AIM OF THE TASK –
Would you copy each line of the records that includes the word "image"?

Short web captions
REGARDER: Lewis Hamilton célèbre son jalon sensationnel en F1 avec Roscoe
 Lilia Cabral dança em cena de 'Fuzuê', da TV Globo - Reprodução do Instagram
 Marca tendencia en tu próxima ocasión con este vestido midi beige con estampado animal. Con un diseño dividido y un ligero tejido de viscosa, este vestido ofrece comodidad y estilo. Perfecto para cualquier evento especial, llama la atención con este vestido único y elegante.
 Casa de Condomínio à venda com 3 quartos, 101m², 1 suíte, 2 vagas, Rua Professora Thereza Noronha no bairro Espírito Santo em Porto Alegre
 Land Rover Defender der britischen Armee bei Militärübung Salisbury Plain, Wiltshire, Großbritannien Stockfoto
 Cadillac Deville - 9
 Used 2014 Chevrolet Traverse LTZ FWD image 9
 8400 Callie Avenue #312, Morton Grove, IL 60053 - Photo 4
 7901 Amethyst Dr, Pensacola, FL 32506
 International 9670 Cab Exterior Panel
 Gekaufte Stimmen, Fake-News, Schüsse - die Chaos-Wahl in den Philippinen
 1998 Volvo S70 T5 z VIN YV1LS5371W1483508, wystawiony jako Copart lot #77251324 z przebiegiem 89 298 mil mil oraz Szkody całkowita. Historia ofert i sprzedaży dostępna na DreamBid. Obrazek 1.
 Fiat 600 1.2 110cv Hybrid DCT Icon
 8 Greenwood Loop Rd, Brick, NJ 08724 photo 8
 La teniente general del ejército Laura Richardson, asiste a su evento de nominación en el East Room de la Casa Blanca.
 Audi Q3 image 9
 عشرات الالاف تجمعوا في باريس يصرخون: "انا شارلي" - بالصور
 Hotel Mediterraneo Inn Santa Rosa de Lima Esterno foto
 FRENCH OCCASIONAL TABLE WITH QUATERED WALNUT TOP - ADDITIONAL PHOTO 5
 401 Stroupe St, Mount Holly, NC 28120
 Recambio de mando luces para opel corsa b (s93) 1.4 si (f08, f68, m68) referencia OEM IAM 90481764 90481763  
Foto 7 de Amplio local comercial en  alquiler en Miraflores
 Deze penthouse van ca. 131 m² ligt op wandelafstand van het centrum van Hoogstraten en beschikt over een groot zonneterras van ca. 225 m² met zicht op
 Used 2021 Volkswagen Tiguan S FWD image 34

SOLUTION TO THE EXERCISE –
 Used 2014 Chevrolet Traverse LTZ FWD image 9
 Audi Q3 image 9
 Used 2021 Volkswagen Tiguan S FWD image 34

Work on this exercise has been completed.